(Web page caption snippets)

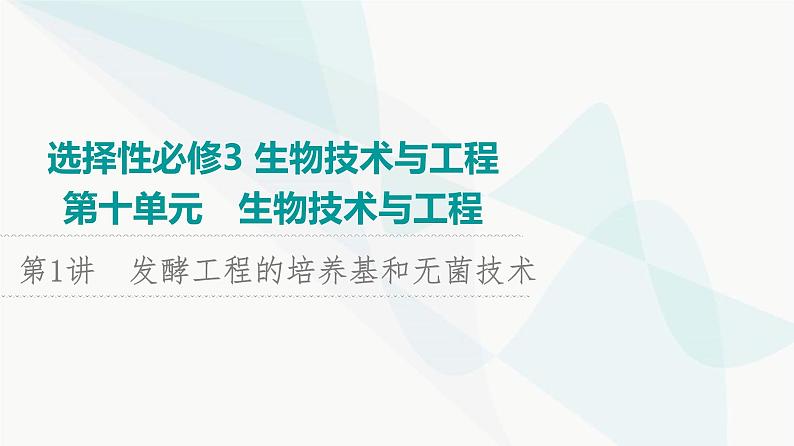 2024届苏教版高考生物一轮复习发酵工程的培养基和无菌技术课件第1页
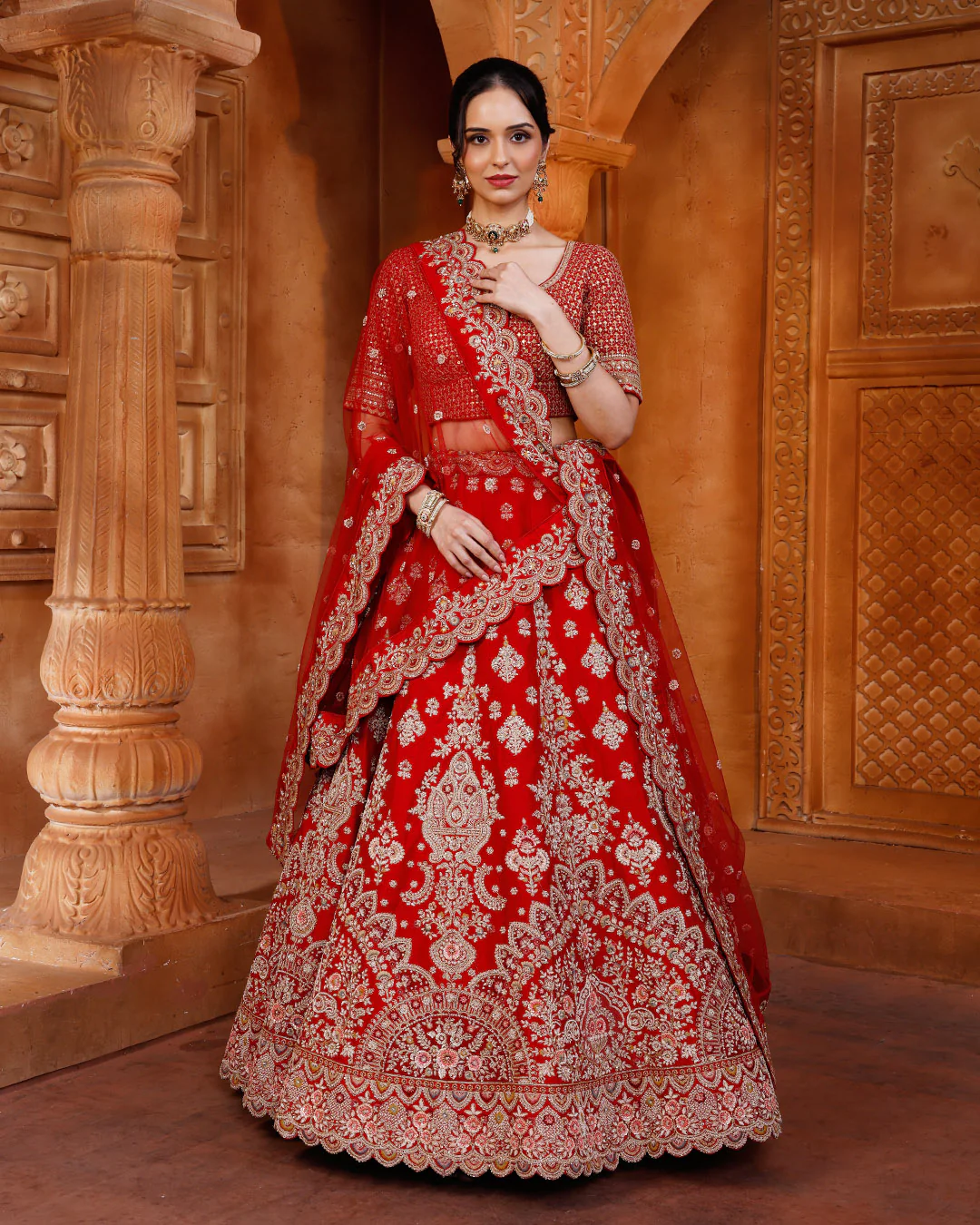 Mystique Red Embroidered Bridal Lehenga With Unstitched Blouse Piece - Image 2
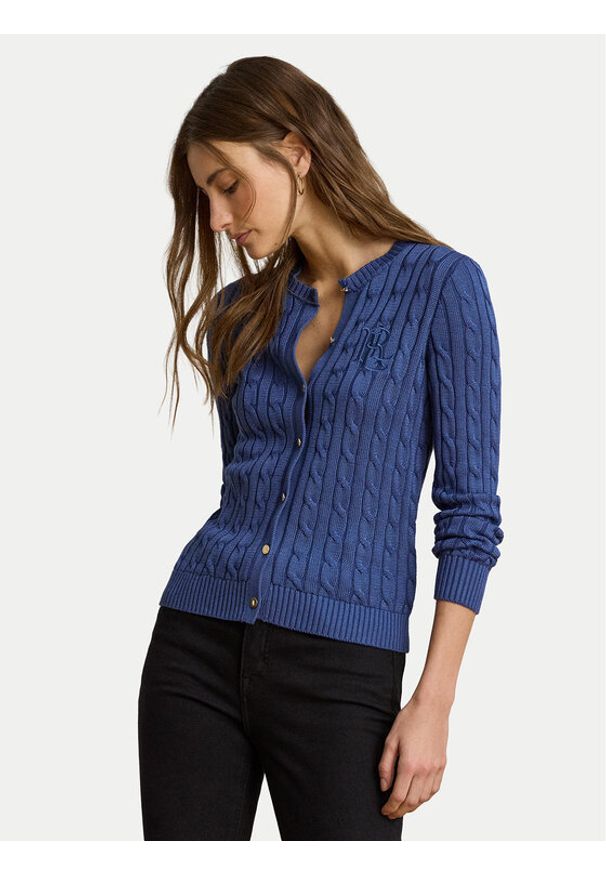 Lauren Ralph Lauren - LAUREN RALPH LAUREN Kardigan 200P14040502 Fioletowy Regular Fit. Kolor: fioletowy. Materiał: bawełna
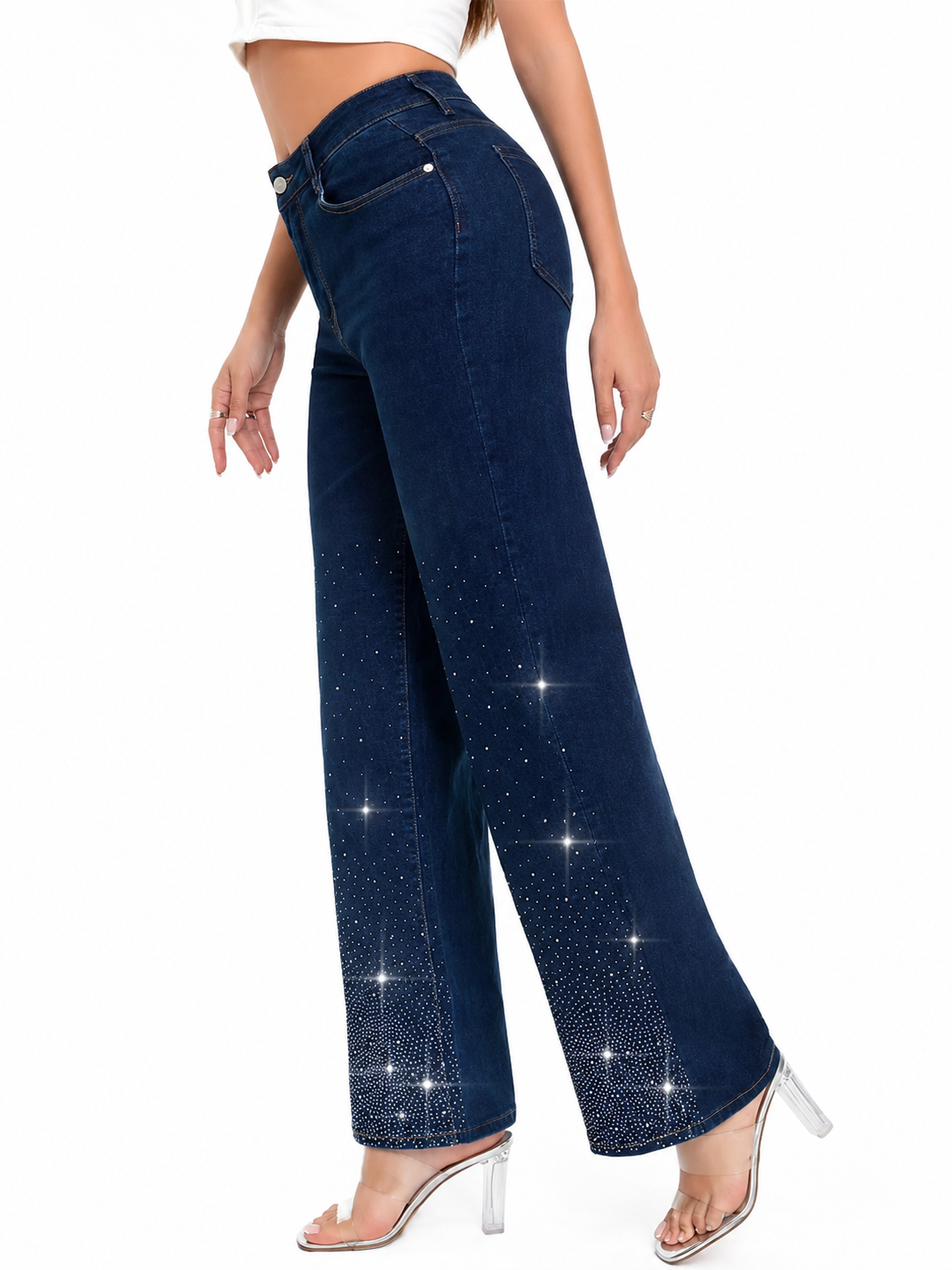 Pantalón de Mezclilla Tiro Alto con Brillos AM982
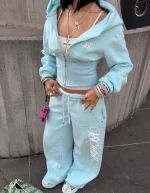 Casaco Blouson de Moletom Azul Tiffany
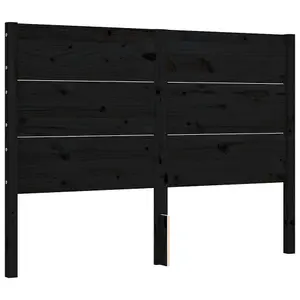 Berkfield Bed Frame with Headboard Black 120x200 cm Solid Wood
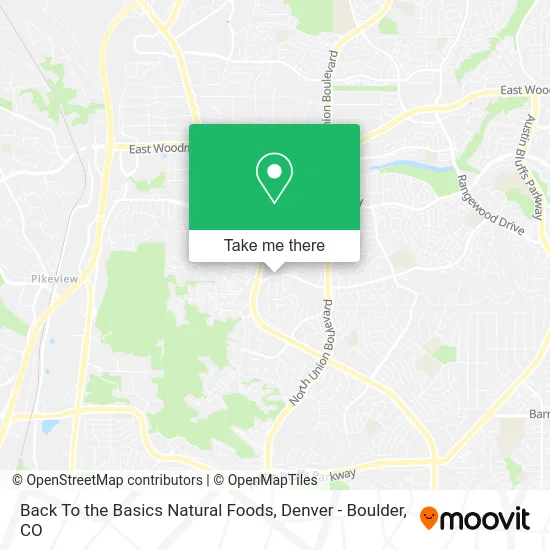 Mapa de Back To the Basics Natural Foods
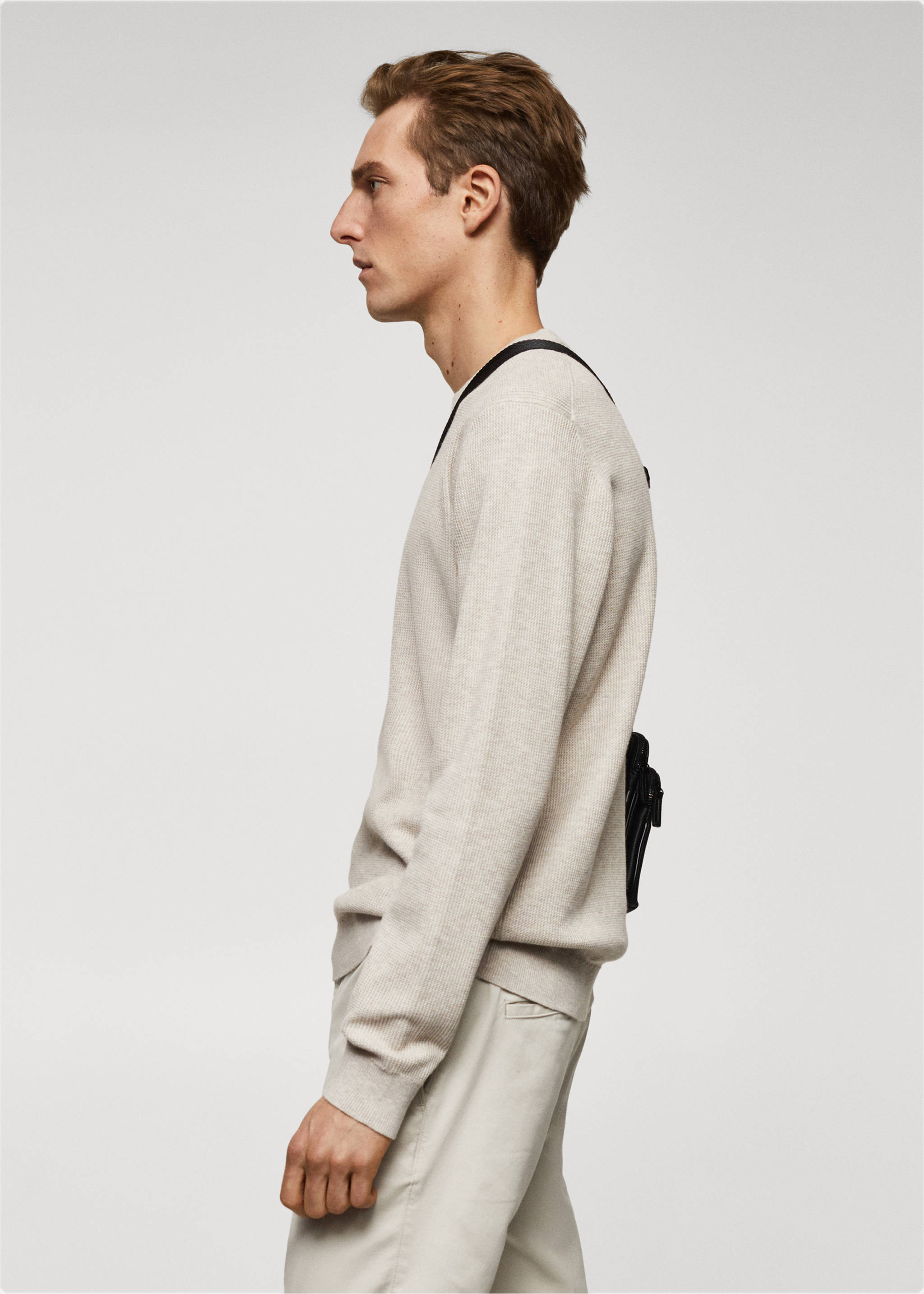 Structured cotton sweater - Details of the article 2, Beige. Ref: 67010651-00.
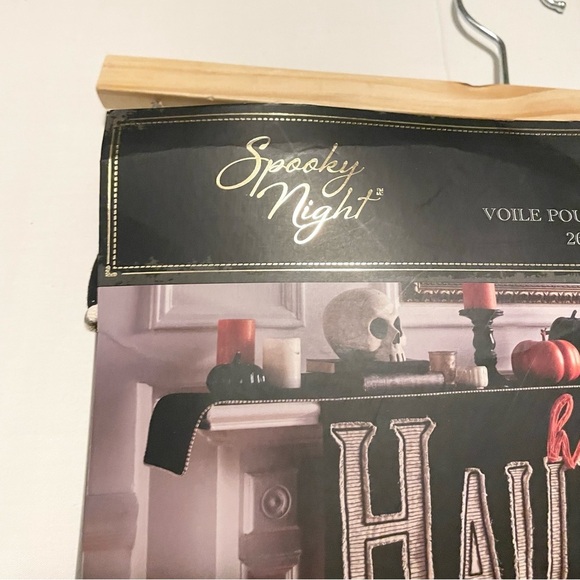 Spooky Night Happy Haunting Mantel Scarf Halloween - Picture 4 of 15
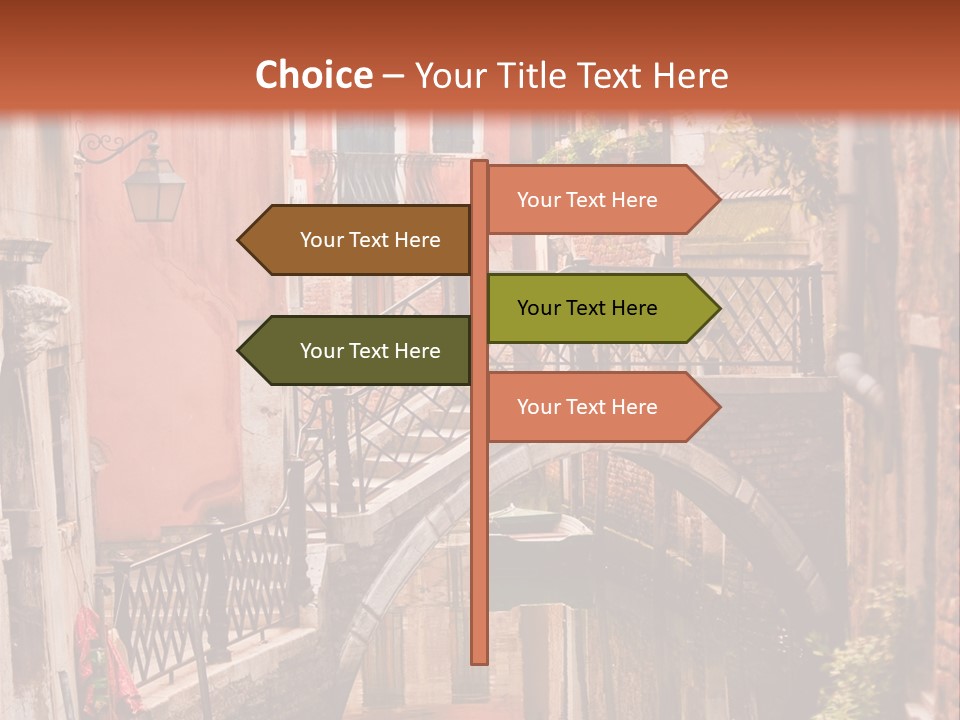 A Canal With A Bridge In The Middle Of It PowerPoint Template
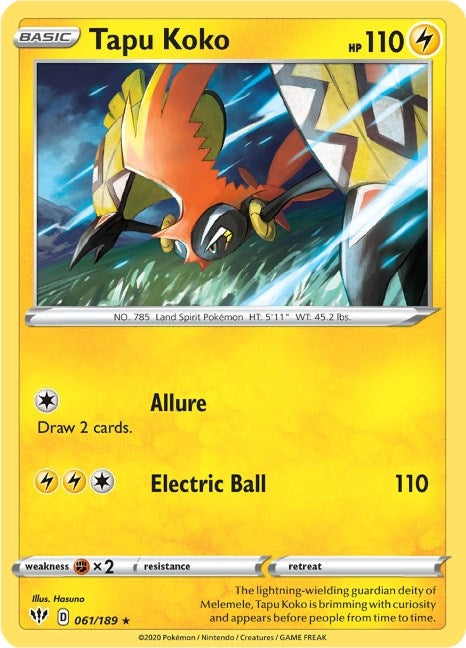 Tapu Koko (061/189) (SWSH03: Darkness Ablaze)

> [WHAT TO WORK ON] Exact copy, no pictures: write out all the records above.

> [EXPECTED ANSWER]
 2024届苏教版高考生物一轮复习发酵工程的培养基和无菌技术课件第1页
 Mystique Red Embroidered Bridal Lehenga With Unstitched Blouse Piece - Image 2
 Lauren Ralph Lauren - LAUREN RALPH LAUREN Kardigan 200P14040502 Fioletowy Regular Fit. Kolor: fioletowy. Materiał: bawełna
 Pantalón de Mezclilla Tiro Alto con Brillos AM982
 Casaco Blouson de Moletom Azul Tiffany
 Berkfield Bed Frame with Headboard Black 120x200 cm Solid Wood
 Mapa de Back To the Basics Natural Foods
 Structured cotton sweater - Details of the article 2, Beige. Ref: 67010651-00.
 Spooky Night Happy Haunting Mantel Scarf Halloween - Picture 4 of 15
 A Canal With A Bridge In The Middle Of It PowerPoint Template
 Tapu Koko (061/189) (SWSH03: Darkness Ablaze)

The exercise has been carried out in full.